__Your objective__:
Leave every picture out and print exactly the lines that run from the one containing "Pronájem bytu 3+kk, Lanškroun" to the end of the listing.

__The input__:
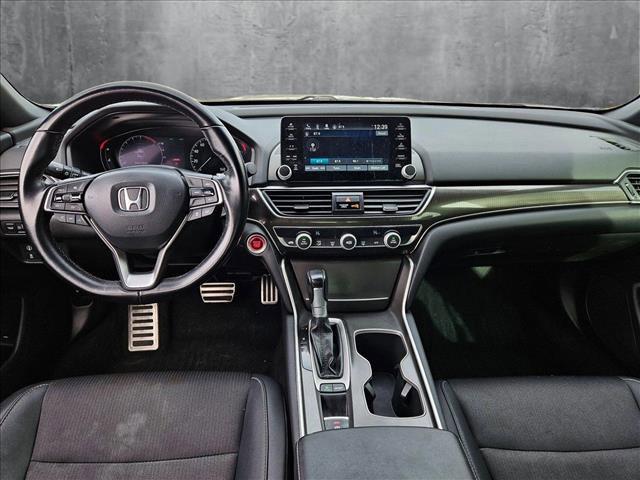 used 2020 Honda Accord car, priced at $21,398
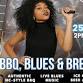 BBQ, Blues & Brews (Lawn Chair and Tents Only)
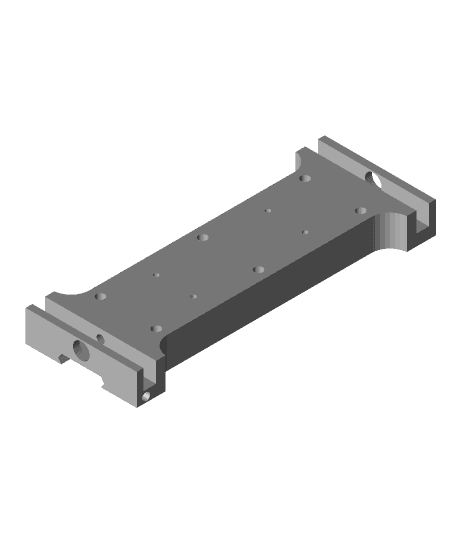 Befiederungsgerät - Fletching Tool 3d model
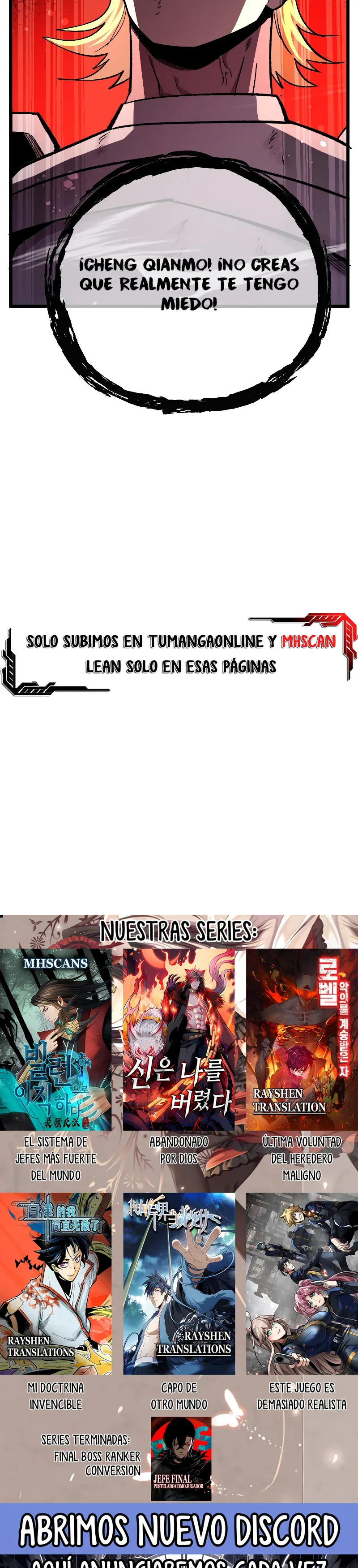 MIS HABILIDADES PASIVAS SON INVENCIBLES Capítulo 156 - Page 36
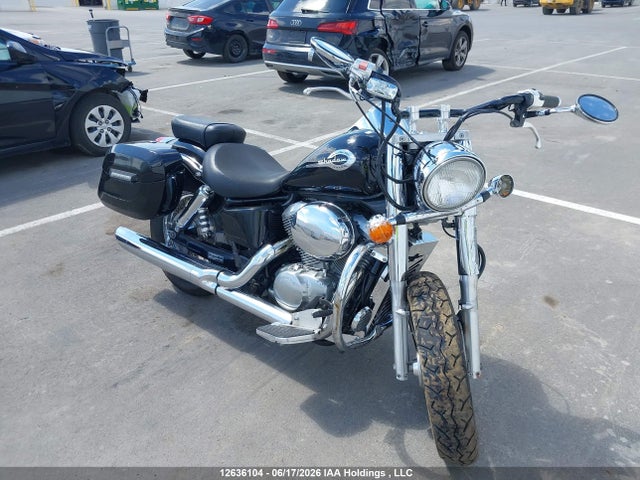 2001 Honda Vt750 C3 მანქანა იყიდება აუქციონზე, vin: JH2RC44221K100356, აუქციონის ნომერი: 12636104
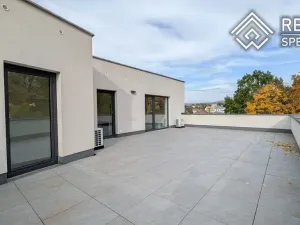 Pronájem bytu 3+kk, Lanškroun - Ostrovské Předměstí, Na Terase, 78 m2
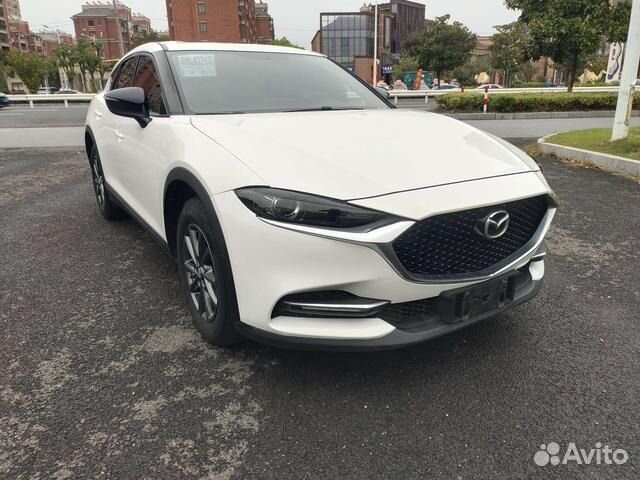 Mazda cx-30 из Китая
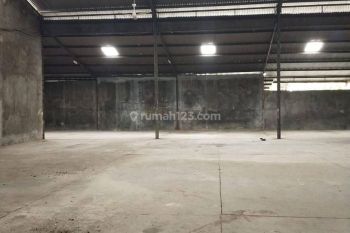 J Dijual Gudang Pantai Indah Dadap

__Answer section__:
 Pronájem bytu 3+kk, Lanškroun - Ostrovské Předměstí, Na Terase, 78 m2
 Mazda cx-30 из Китая
 J Dijual Gudang Pantai Indah Dadap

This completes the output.